I suffered my first bout of insomnia since my 40's when I was thinking of becoming menopausal. This is not a choice...like...isn't this party rockin' I gonna stay up past my bedtime...or this is the best movie of the year, doesn't Van Damm look so damm cute...not! Or I'm going to stay up to see the ball drop in Time Square. This type of sleep loss for me is, eyes wide open, mom brain kicks in...humm wonder if my kids are safe...what is the statistics of a meteor falling from the sky and hitting one of my kids...did the dog throw up???? Are the members of my family talking with each other again...what a bunch of babies...by this time my blood pressure is up and there is no more nighty night.
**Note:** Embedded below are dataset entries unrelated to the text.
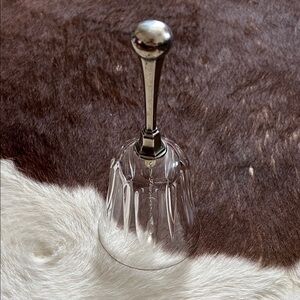 Crystal Dinner Bell, Silver Plated Handle, 1983, Leonard Silver, Glass Clapper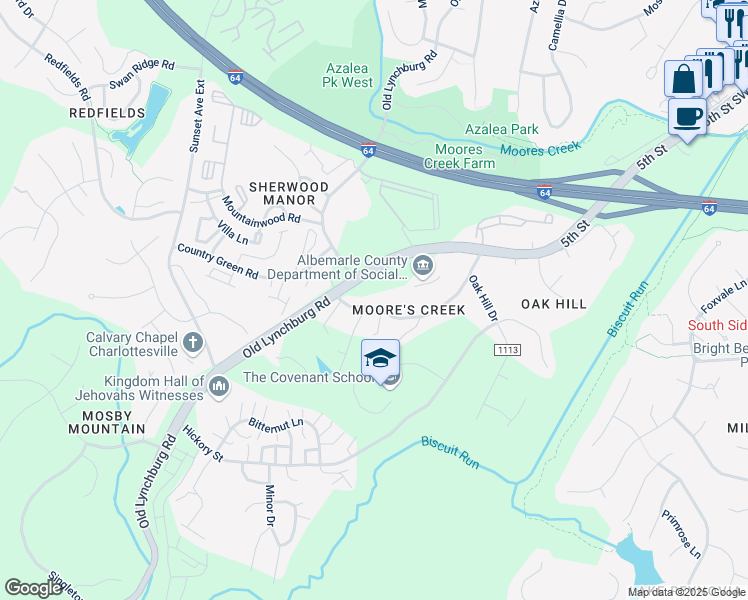 map of restaurants, bars, coffee shops, grocery stores, and more near 547 Stagecoach Road in Charlottesville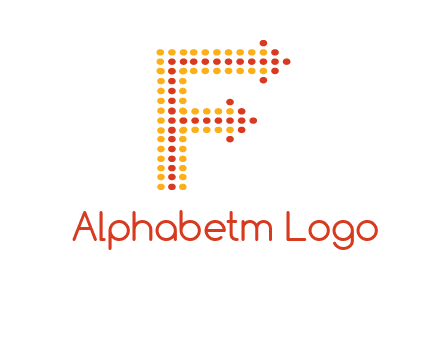 dots forming letter f with arrows logo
Which then leads to a day like I had yesterday. Running on a couple of hours of sleep yesterday turned into "THE LOST DAY." For me that means I am too tired to do anything fun, except have coffee with my cousin. I have not washed my hair so it is in a ponytail under a ball cap. No makeup, thank goodness it was a little sunny because I wore sunglasses all day. By the afternoon I was on hypermode. Once I tip over the exhaustion phase my brain hits hypermode...which means it is going a hundred miles and hour. I swept my deck, I grocery shopped, I cut up vegies for roasting, I watch Dr. Oz without falling asleep. I even watched Oprah, hoping too fall asleep. My body would not relax enough to fall asleep. Which lead me to the list of things I needed to do...so I could fall asleep.
No caffiene in the afternoon
drink lots of water
drink herbal tea
No ETOH, absolutly no happy hour
no chocolate
small dinner
1 glass of milk in the evening
watch 3 hours of TV and by 10:00 PM I get sleepy
Of course, Greg had to spend the evening with me which means...he had to listen to me...as I am saying...look at me...I can't stop talking...I look like last nights left overs and I am totally wired on lack of sleep.
Today I am much calmer...I slept all night...till 0715 (which is sleeping in for me) and I get breakfast in bed...better do something with this pony tail on my head, it is starting to look like another pet I should name. Enzo is starting to growl at it when I walk and it bounces around.